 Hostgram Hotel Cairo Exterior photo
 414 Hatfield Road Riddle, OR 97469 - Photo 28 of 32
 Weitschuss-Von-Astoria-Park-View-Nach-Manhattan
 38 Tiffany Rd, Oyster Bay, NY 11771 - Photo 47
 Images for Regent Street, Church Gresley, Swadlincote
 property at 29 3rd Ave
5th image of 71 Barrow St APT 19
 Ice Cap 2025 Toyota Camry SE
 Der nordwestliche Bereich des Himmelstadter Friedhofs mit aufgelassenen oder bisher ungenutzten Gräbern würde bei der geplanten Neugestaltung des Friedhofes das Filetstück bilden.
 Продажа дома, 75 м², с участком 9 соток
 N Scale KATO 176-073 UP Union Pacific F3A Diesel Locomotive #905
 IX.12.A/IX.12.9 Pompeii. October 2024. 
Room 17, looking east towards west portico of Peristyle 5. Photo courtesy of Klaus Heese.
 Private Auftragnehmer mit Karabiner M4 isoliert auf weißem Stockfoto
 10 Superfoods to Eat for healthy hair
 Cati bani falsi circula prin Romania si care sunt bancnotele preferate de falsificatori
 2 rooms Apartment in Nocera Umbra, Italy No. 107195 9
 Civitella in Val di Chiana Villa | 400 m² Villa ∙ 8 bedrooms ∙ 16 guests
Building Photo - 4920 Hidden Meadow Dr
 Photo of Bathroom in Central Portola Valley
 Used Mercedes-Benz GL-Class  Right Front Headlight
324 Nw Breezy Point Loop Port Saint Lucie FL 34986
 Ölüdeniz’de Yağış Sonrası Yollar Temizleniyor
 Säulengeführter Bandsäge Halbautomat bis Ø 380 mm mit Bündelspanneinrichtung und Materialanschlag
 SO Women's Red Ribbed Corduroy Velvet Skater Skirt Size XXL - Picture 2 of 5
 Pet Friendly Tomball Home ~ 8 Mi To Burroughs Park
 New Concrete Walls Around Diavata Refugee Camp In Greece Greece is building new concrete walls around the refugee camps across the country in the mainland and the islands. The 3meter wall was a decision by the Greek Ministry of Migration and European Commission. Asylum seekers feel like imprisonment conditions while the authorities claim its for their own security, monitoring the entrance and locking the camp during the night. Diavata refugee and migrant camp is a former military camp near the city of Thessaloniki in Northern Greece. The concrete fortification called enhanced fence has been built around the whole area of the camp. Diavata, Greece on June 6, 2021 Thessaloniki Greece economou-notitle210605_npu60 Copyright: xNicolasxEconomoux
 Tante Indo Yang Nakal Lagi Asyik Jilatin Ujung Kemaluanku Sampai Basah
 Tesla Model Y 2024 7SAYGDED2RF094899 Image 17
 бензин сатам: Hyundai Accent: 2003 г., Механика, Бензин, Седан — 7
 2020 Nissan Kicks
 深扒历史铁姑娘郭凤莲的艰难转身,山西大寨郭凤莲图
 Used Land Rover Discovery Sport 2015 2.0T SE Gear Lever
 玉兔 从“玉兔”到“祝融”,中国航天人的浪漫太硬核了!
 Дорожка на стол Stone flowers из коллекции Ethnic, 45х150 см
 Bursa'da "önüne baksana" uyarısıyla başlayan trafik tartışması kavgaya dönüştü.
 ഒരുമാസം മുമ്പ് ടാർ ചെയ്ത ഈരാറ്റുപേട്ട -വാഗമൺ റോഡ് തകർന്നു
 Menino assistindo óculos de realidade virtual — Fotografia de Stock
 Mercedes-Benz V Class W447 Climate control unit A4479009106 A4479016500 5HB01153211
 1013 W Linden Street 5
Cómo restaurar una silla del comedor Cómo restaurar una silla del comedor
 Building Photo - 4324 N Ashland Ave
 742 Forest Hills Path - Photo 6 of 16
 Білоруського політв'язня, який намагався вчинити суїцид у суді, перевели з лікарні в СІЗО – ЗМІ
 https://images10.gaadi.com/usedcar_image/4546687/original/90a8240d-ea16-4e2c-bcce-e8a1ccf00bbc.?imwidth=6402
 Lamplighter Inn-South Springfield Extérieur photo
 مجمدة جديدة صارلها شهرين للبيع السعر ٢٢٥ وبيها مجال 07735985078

Exercise goal: Extract from the records above the lines from the one containing "324 Nw Breezy" to the one containing "Pet Friendly Tomball", both lines included, exactly as they appear and with nothing else.

Response to the task:
324 Nw Breezy Point Loop Port Saint Lucie FL 34986
 Ölüdeniz’de Yağış Sonrası Yollar Temizleniyor
 Säulengeführter Bandsäge Halbautomat bis Ø 380 mm mit Bündelspanneinrichtung und Materialanschlag
 SO Women's Red Ribbed Corduroy Velvet Skater Skirt Size XXL - Picture 2 of 5
 Pet Friendly Tomball Home ~ 8 Mi To Burroughs Park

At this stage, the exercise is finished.